■ **Exercise description**: Bring back every record exactly, except for the pictures, which stay out.

(Pictures with short captions)
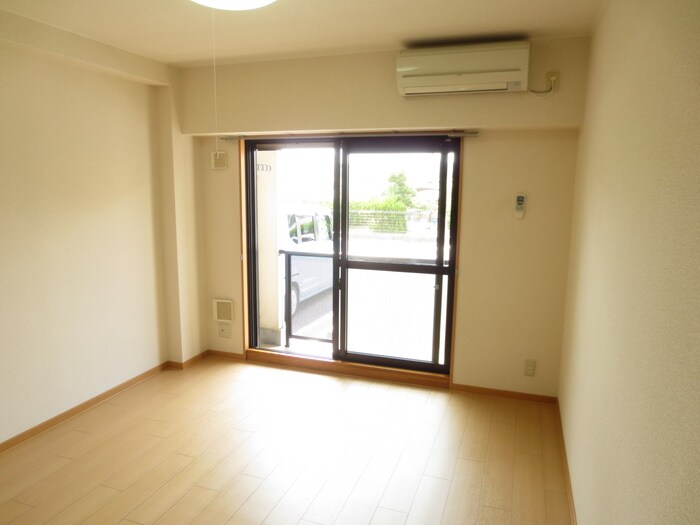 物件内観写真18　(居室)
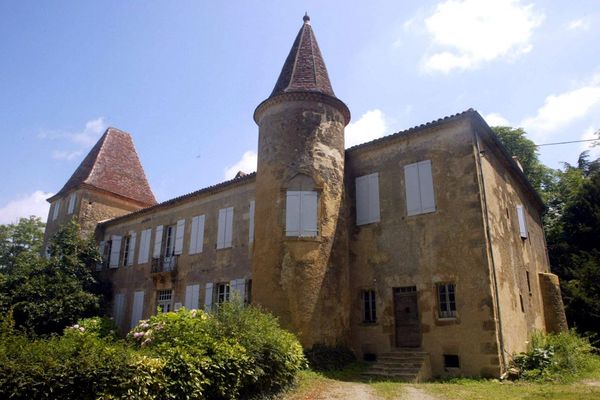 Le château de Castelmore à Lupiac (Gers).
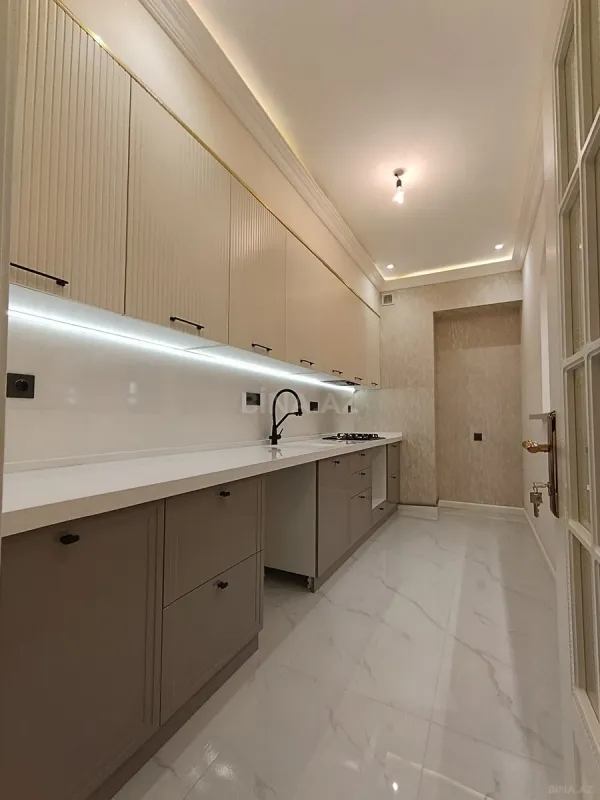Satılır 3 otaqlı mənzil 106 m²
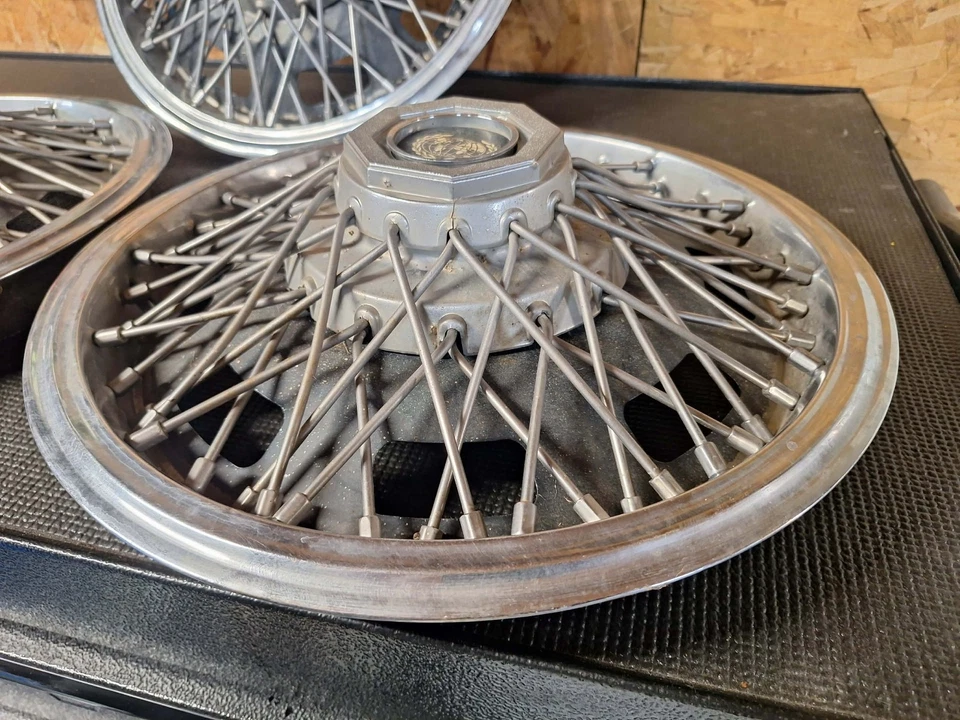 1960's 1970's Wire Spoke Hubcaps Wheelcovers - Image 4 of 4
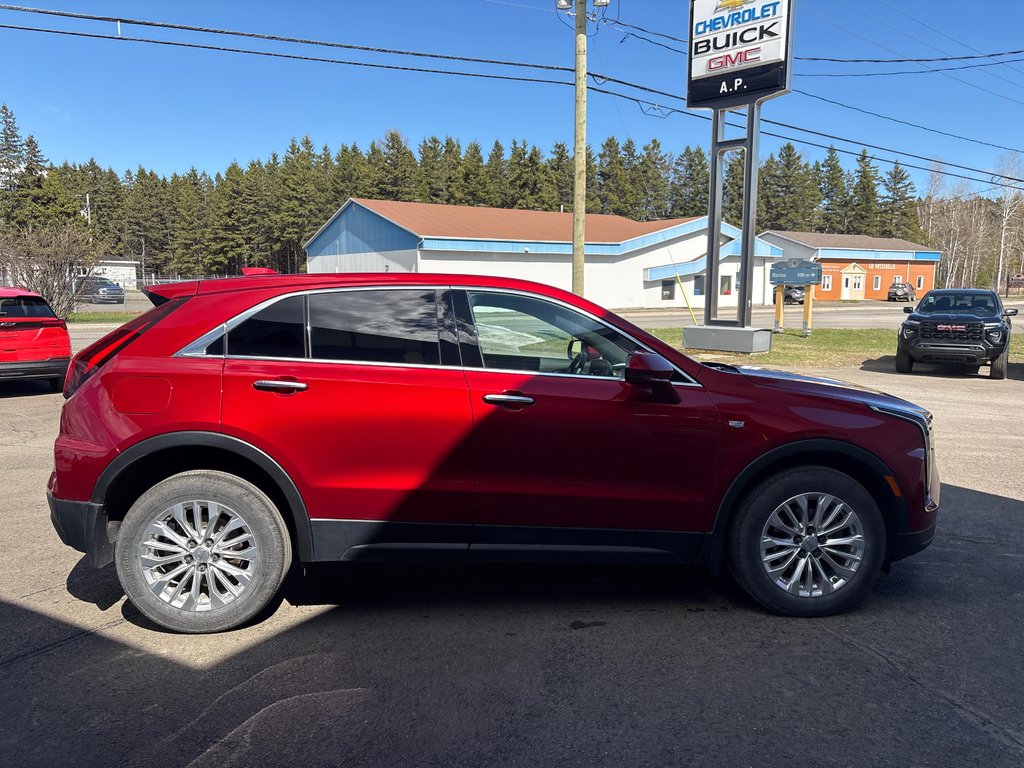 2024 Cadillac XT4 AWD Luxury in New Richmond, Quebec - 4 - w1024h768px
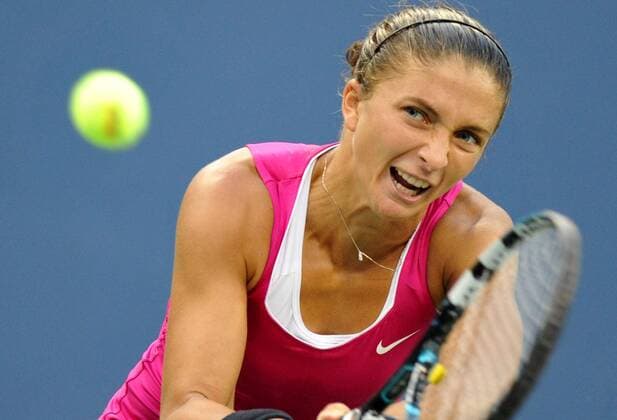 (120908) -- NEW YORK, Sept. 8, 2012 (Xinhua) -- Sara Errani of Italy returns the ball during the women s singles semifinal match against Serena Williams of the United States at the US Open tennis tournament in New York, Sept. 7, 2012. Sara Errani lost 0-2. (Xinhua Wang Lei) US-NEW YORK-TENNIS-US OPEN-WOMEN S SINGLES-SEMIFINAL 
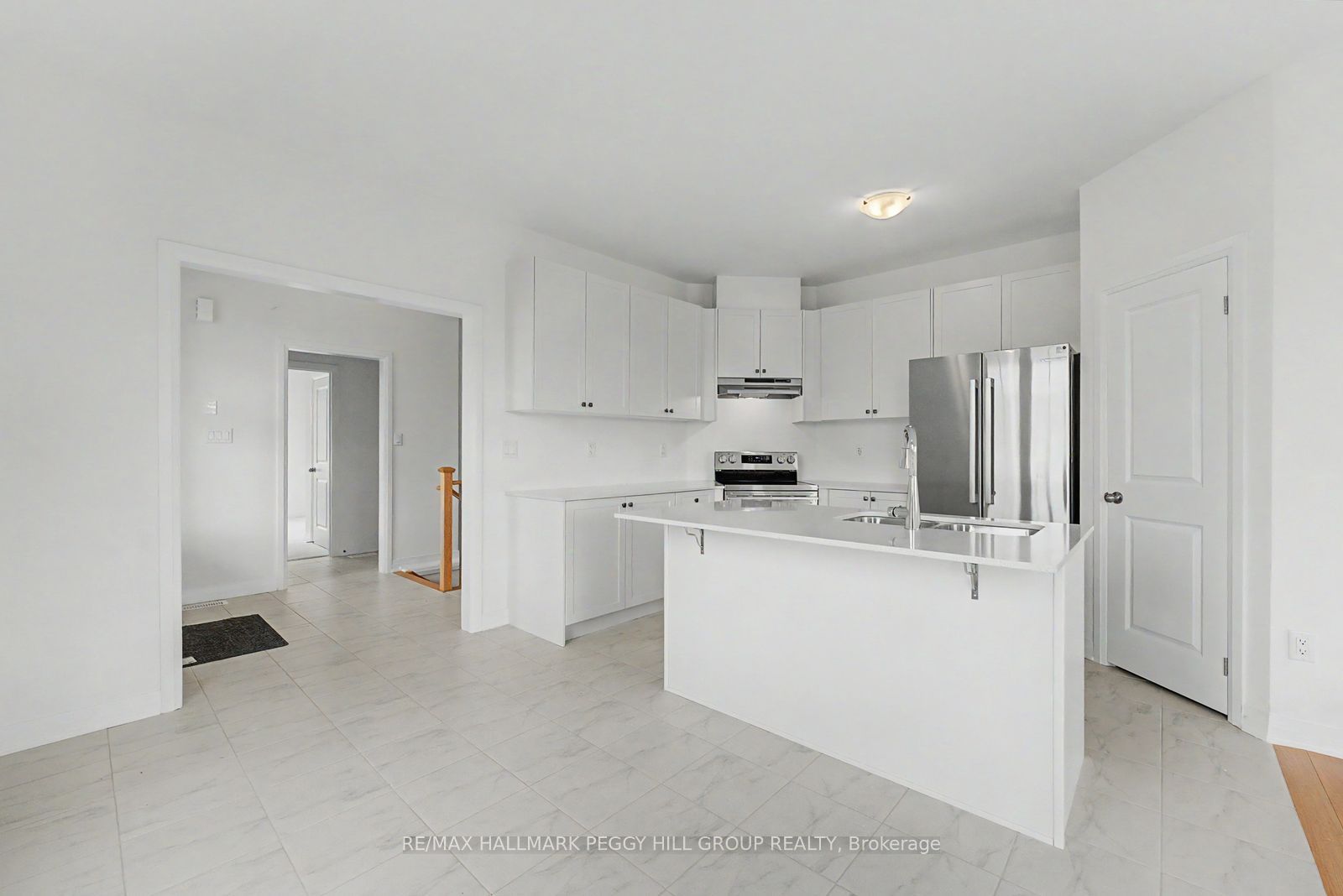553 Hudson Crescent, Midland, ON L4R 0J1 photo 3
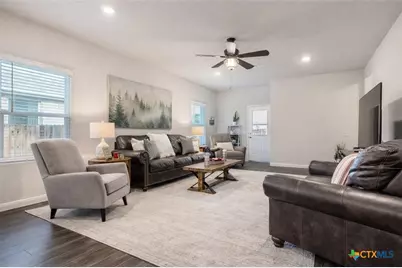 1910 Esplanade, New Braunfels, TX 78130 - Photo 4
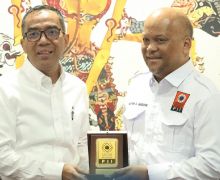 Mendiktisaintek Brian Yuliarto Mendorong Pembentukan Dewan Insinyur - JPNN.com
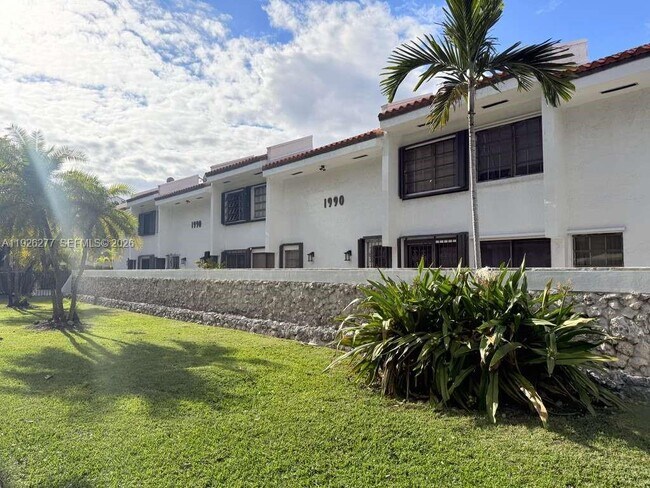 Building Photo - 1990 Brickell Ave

■ **Answer for this exercise**:
 物件内観写真18　(居室)
 Le château de Castelmore à Lupiac (Gers).
Satılır 3 otaqlı mənzil 106 m²
 1960's 1970's Wire Spoke Hubcaps Wheelcovers - Image 4 of 4
 2024 Cadillac XT4 AWD Luxury in New Richmond, Quebec - 4 - w1024h768px
 (120908) -- NEW YORK, Sept. 8, 2012 (Xinhua) -- Sara Errani of Italy returns the ball during the women s singles semifinal match against Serena Williams of the United States at the US Open tennis tournament in New York, Sept. 7, 2012. Sara Errani lost 0-2. (Xinhua Wang Lei) US-NEW YORK-TENNIS-US OPEN-WOMEN S SINGLES-SEMIFINAL 
553 Hudson Crescent, Midland, ON L4R 0J1 photo 3
 1910 Esplanade, New Braunfels, TX 78130 - Photo 4
 Mendiktisaintek Brian Yuliarto Mendorong Pembentukan Dewan Insinyur - JPNN.com
 Building Photo - 1990 Brickell Ave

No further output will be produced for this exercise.